Il reato di impedimento all'esercizio delle funzioni di vigilanza (art. 306 cod. ass.), invece, potrà essere commesso anche da dipendenti o funzionari dell'impresa assicurativa.

Ulteriore conseguenza dell'esercizio abusivo dell'attività assicurativa è la liquidazione coatta amministrativa dell'impresa (art. 265 cod. ass.), la quale può essere disposta dal Ministro per lo sviluppo economico tanto nel caso di abusivismo assoluto, tanto nel caso in cui l'impresa abbia travalicato i limiti dell'autorizzazione (art. 241 cod. ass.).

Infine, l'esercizio abusivo dell'attività assicurativa può produrre conseguenze di tipo civilistico: i contratti di assicurazione stipulati con imprese prive di autorizzazione, ovvero che abbiano esorbitato dai limiti della autorizzazione loro concessa sono infatti nulli, sebbene tale nullità – in deroga al principio generale – possa essere fatta valere solo dall'assicurato (art. 167 cod. ass.).

Bibliografia

Cagnasso, Cottino, Irrera, L'assicurazione - L'impresa e il contratto, Padova, 2011; Desiderio, Le procedure commissariali di governo delle crisi, in Il nuovo codice delle assicurazioni, a cura di Amorosino e Desiderio, Milano, 2006; Donati, Trattato del diritto delle assicurazioni private, Milano, 1952, vol.

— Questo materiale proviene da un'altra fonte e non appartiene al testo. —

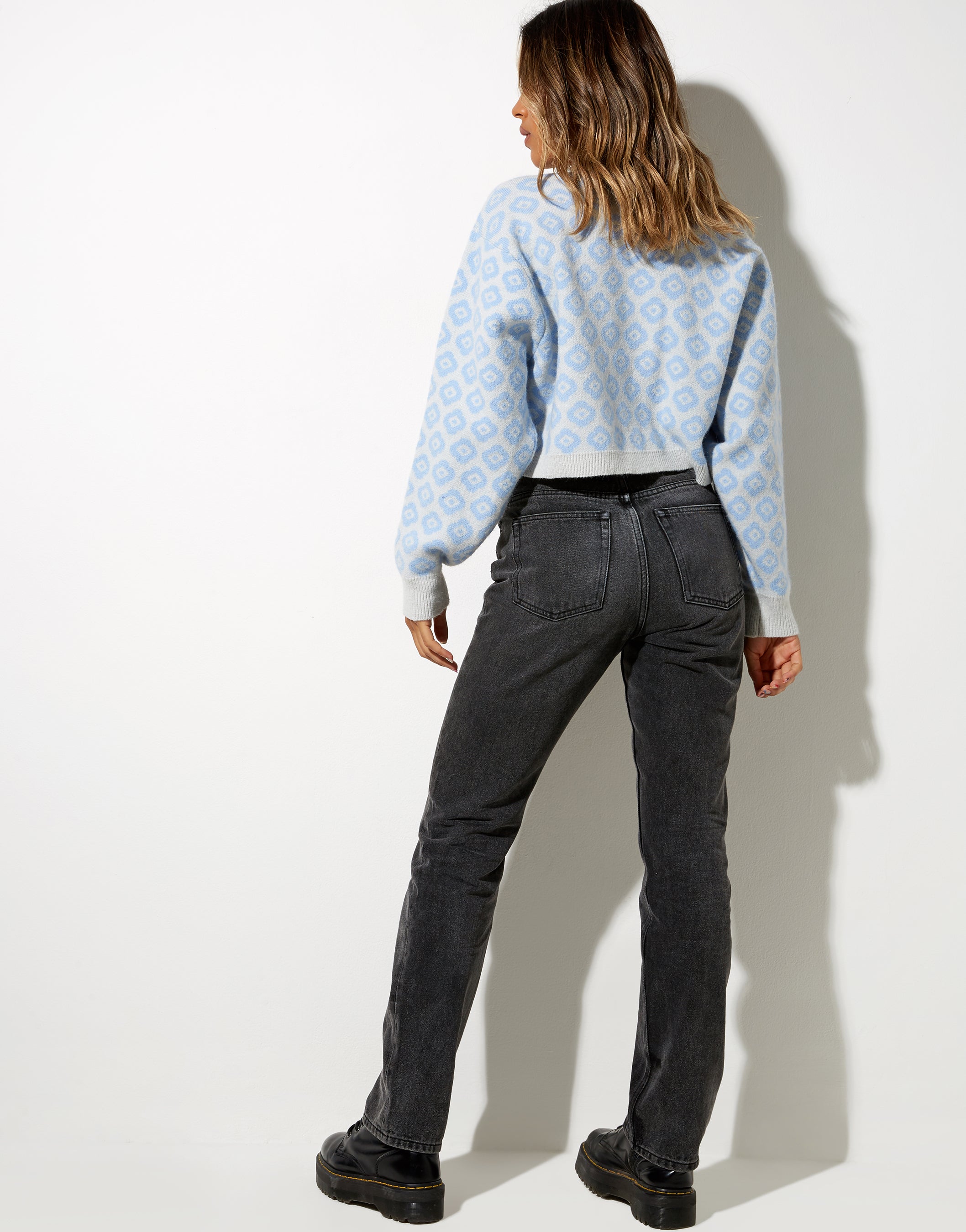 Afbeelding van Olina Cropped Cardi in gebreid ton-sur-ton blauw Daisy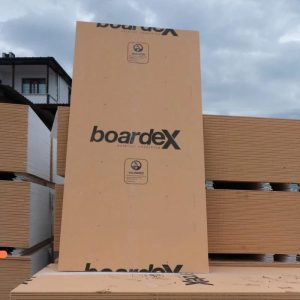 تصویر پانل بوردکس با ساختار الیاف سیمان، مناسب برای استفاده در محیط‌های مرطوب مانند حمام و سرویس بهداشتی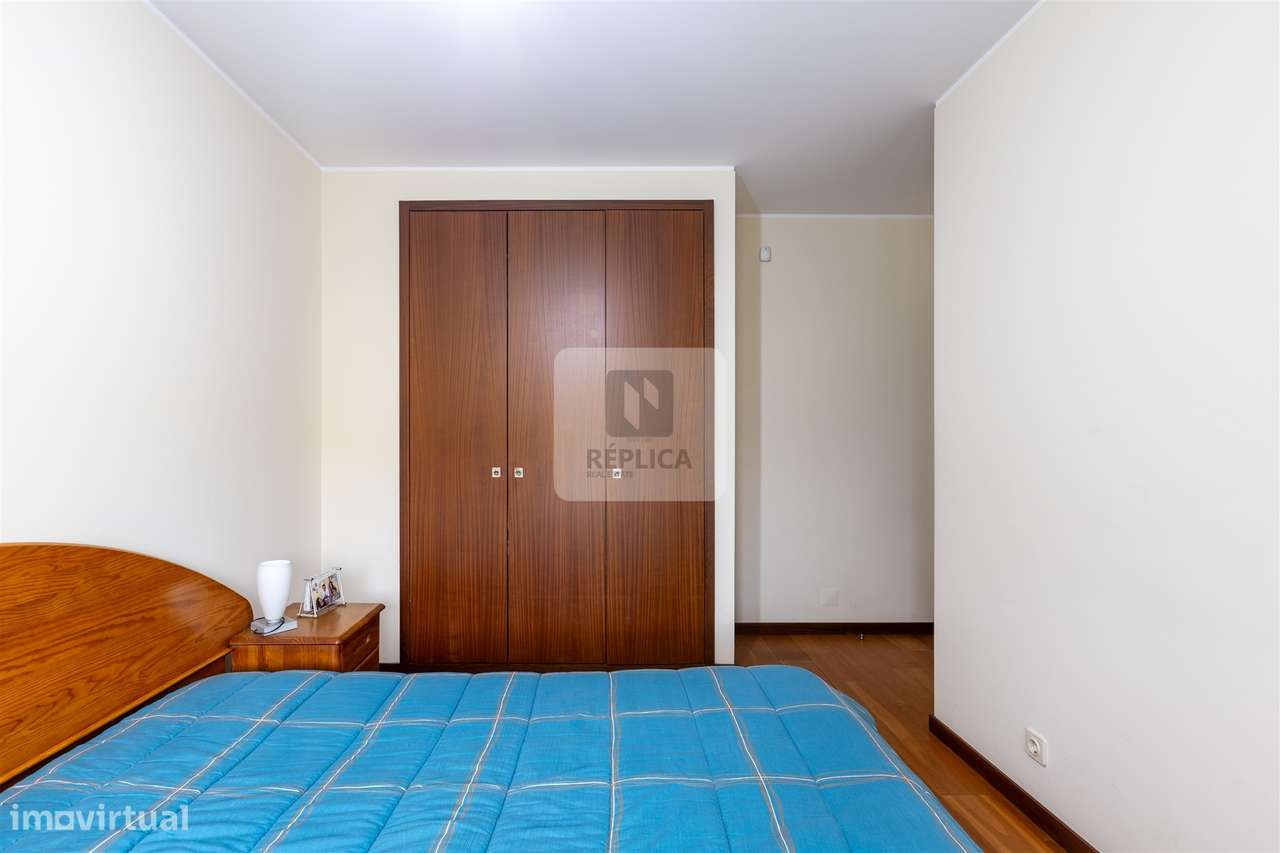 Moradia T5 com jardim e garagem | Senhora da Hora, Matosinhos-27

I; Donati, Volpe Putzolu, Manuale di diritto delle assicurazioni, XI, Milano, 2015; Hazan, Taurini (a cura di), Assicurazioni private, Milano 2015; Mezzacapo, L'accesso all'attività assicurativa, in Il nuovo codice delle assicurazioni, a cura di Amorosino e Desiderio, Milano, 2006; Prosperetti, Colavolpe (a cura di), Le assicurazioni, Milano, 2012; Pucci, L'accesso all'attività assicurativa e riassicurativa, in Banche, Assicurazioni e gestori di risparmio, a cura di Prosperetti e Colavolpe, 597; Rossetti, Il diritto delle assicurazioni, I, L'impresa, Padova, 2011; Santoboni, Manuale di gestione assicurativa, Padova, 2018.